Like most traps, they’re mysterious and then appealing and then it’s too late.
An NFT is digital treasure chest, a status symbol and an apparent item of value.
Like a Pokemon card, or an original Picasso drawing or the actual frame of a Disney animated film from 1955, NFTs are designed to be the one and only, a shred of non-fungible reality in a world gone digital.
You either own this thing or you don’t.
To make it really clear, consider Honus Wagner. A Honus Wagner baseball card is quite rare (Wagner didn’t permit the card to be made because he wanted nothing to do with cigarettes, foreshadowing some of the stuff below) and so there were fewer than 200 all in before production shut down. One of the cards last sold for more than $3,000,000.
Owning a Honus Wagner card doesn’t mean you own Honus Wagner.
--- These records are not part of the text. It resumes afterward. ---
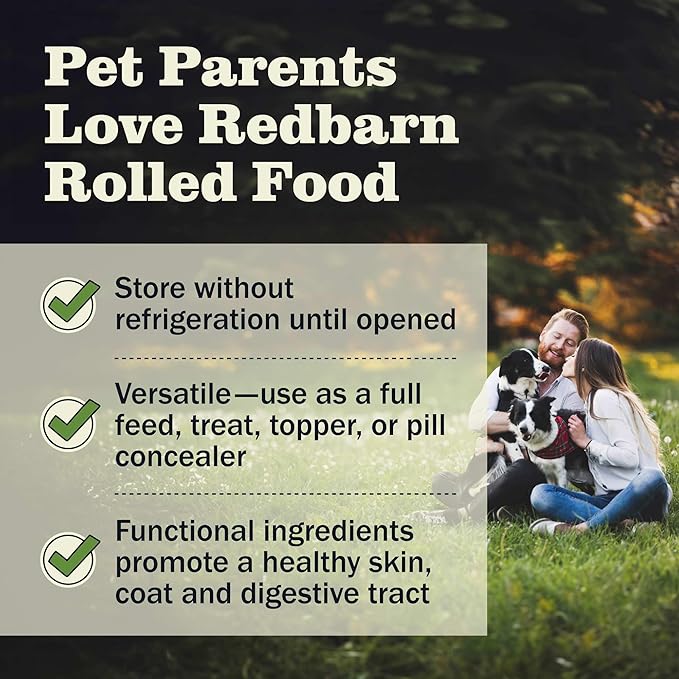 Redbarn Pet Products All-Natural Premium Rolled Dog Food, Beef Recipe - Soft Semi-Moist Wet Formula for High Protein Diet, Training Rewards, & Treat Pill Concealer - 4 lb, 1 Count (Pack of 2)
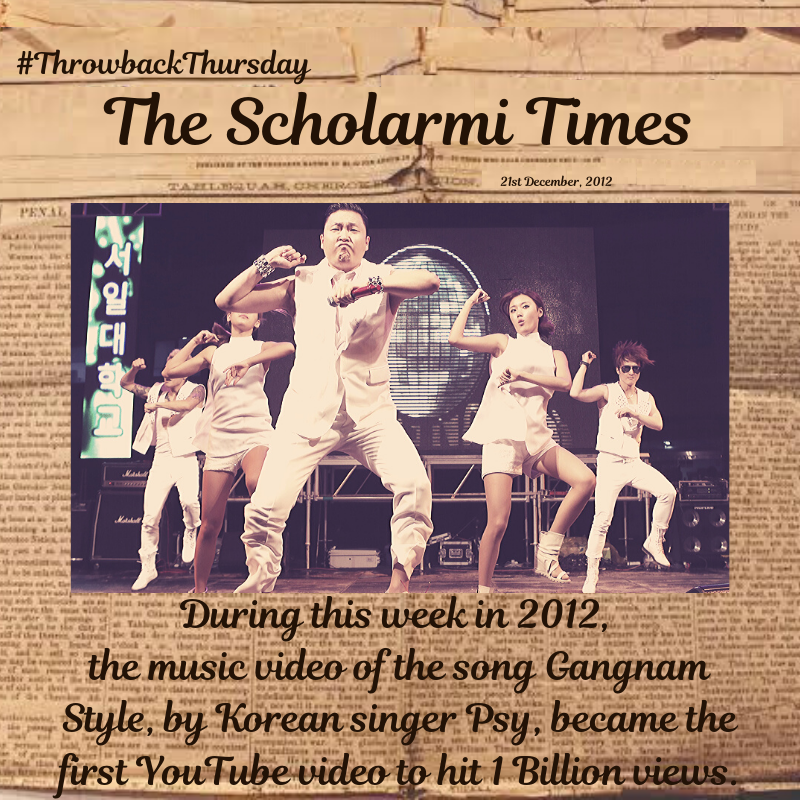 scholarmi's tweet photo. #throwbackthursday #tbt #ScholarmiTimes #Scholarmi #history #facts #trivia #thursday #jeudi #jueves #FelizJueves  
#hollywood #budweiser #gangnamstyle #motorsport #WorldRecord #PSY #YouTube #viralvideo #music
#usa #SouthKorea https://t.co/00XwwPubKg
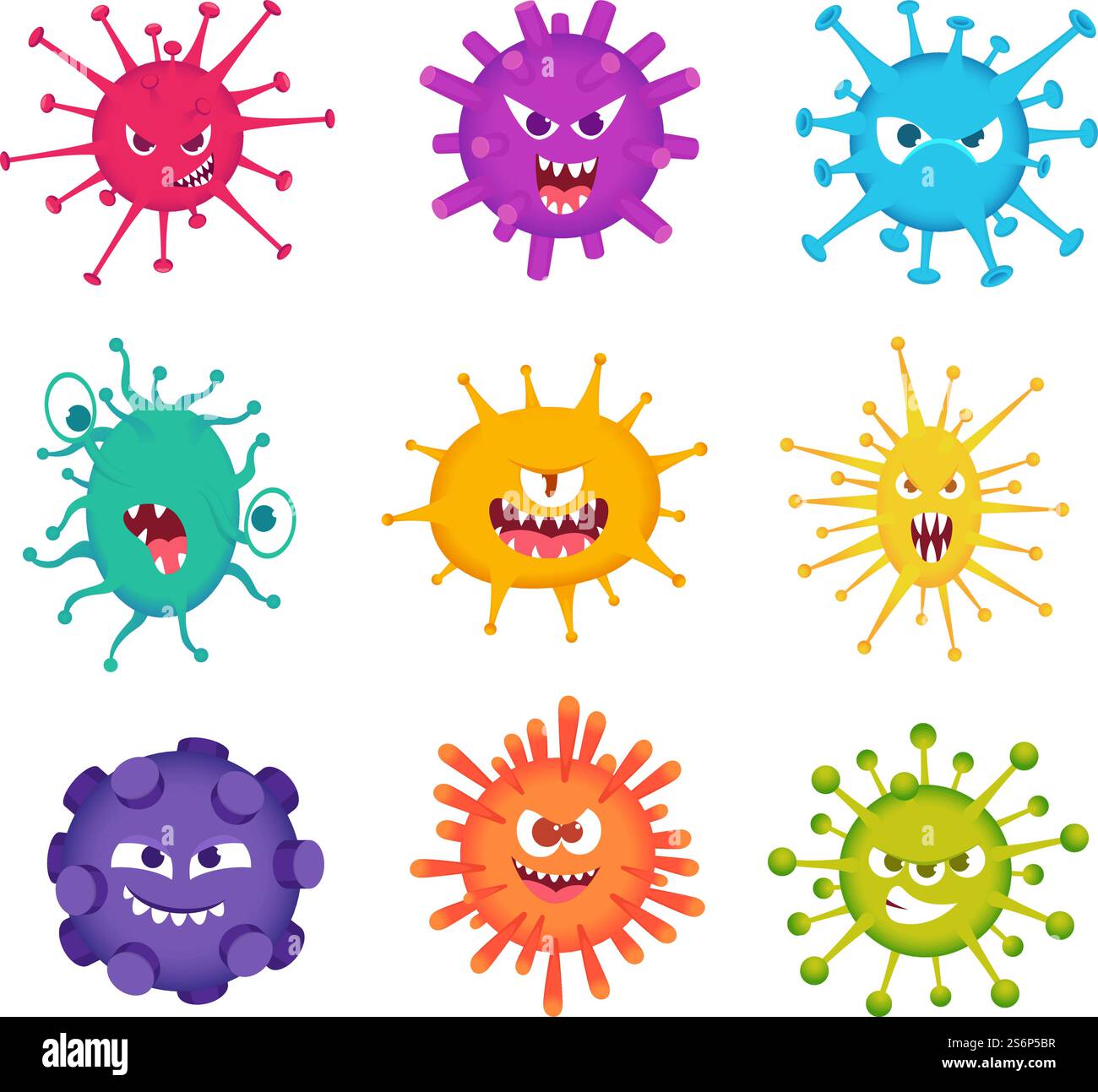 Virengesichter. Medizinische Zeichen Bakterien Maskottchen lächelndes Monster pathogene Virus genaue Vektorsatz. Illustration Krankheit und Grippesammlung. Virengesichter. Medizinische Zeichen Bakterien Maskottchen lächelndes Monster pathogene Virus genaue Vektorsatz Stock Vektor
Or a royalty stream or anything else but the card itself.
For years, this was part of the business model of the collectible card industry. Make billions of cards, most get thrown out, some rookies get famous, some cards go up in value.
Now, consider an oil painting. Perhaps it was stolen a long time ago, or became famous for other reasons. It’s the one and only. If you somehow owned the Mona Lisa, it wouldn’t mean that you own the woman who is portrayed in it, or any part of DaVinci, it would simply mean you own a canvas, one that others also want to own.
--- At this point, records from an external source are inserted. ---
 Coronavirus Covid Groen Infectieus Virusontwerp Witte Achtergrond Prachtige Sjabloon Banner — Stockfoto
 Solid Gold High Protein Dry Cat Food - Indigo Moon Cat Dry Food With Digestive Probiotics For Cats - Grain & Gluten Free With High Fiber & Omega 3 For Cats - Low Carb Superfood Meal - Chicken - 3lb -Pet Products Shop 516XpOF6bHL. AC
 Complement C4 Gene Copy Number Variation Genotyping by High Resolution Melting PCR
People can look at images of the Mona Lisa all day long without compensating you, because you simply own the original trophy, not the idea…
But having it on your wall gives you a feeling, and telling other people you own it gives you another, slightly different feeling.
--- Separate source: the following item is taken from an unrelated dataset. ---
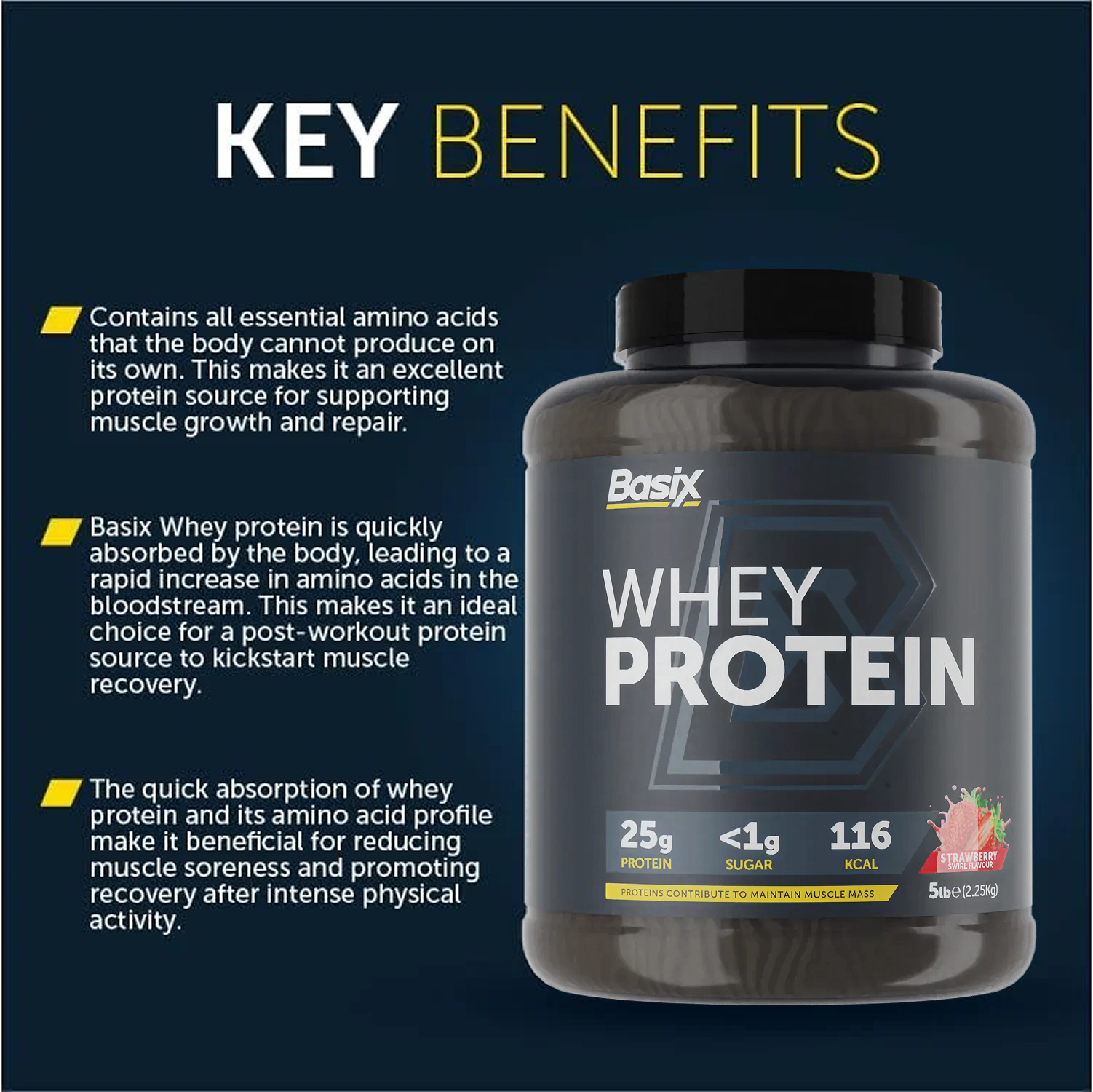 Basix Muscle Whey Protein Strawberry Swirl 5 LB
It’s worth noting two things about the art example:
- There’s a three-thousand-year cultural history of owning priceless works of art. Most people understand that an original Rothko is a high-status luxury good.
- Almost all paintings are worthless (on a cash basis). They sell at garage sales for dollars, not millions, and original (and beautiful) works of art go unsold every day.
So what’s an NFT? It’s a digital token (the same way a Bitcoin is a digital token) except it’s a one and only, like a Honus Wagner, there’s just one. One of these tokens might refer to something else (a video of a basketball shot, an oil painting, even this blog post) but it isn’t that thing. It’s simply a token authorized by the person who made it to be the one and only one. (The NBA has already sold more than $200 million in video clip highlight NFTs)…
And so the trap:
CREATORS may rush to start minting NFTs as a way to get paid for what they’ve created. Unlike alternative digital currencies which are relatively complicated to invent and sell, it’s recently become super easy to ‘mint’ an NFT. I could, for example, turn each of the 8,500 posts on this blog into a token and sell them on the open market.
The more time and passion that creators devote to chasing the NFT, the more time they’ll spend trying to create the appearance of scarcity and hustling people to believe that the tokens will go up in value. They’ll become promoters of digital tokens more than they are creators. Because that’s the only reason that someone is likely to buy one–like a stock, they hope it will go up in value. Unlike some stocks, it doesn’t pay dividends or come with any other rights. And unlike actual works of art, NFTs aren’t usually aesthetically beautiful on their own, they simply represent something that is.
BUYERS of NFTs may be blind to the fact that there’s no limit on the supply. In the case of baseball cards, there are only so many rookies a year. In the case of art, there’s a limited number of famous paintings and a limited amount of shelf space at Sotheby’s. NFTs are going to be more like Kindle books and YouTube videos. The vast majority are going to have ten views, not a billion. It’s an unregulated, non-transparent hustle with ‘bubble’ written all over it.
THE REST OF US are going to pay for NFTs for a very long time. They use an astonishing amount of electricity to create and trade. Together, they are already using more than is consumed by some states in the US. Imagine building a giant new power plant just to make Christie’s or the Basel Art Fair function. And the amount of power wasted will go up commensurate with their popularity and value. And keep going up. The details are here. The short version is that for the foreseeable future, the method that’s used to verify the blockchain and to create new digital coins is deliberately energy-intensive and inefficient. That’s on purpose. And as they get more valuable, the energy used will go up, not down.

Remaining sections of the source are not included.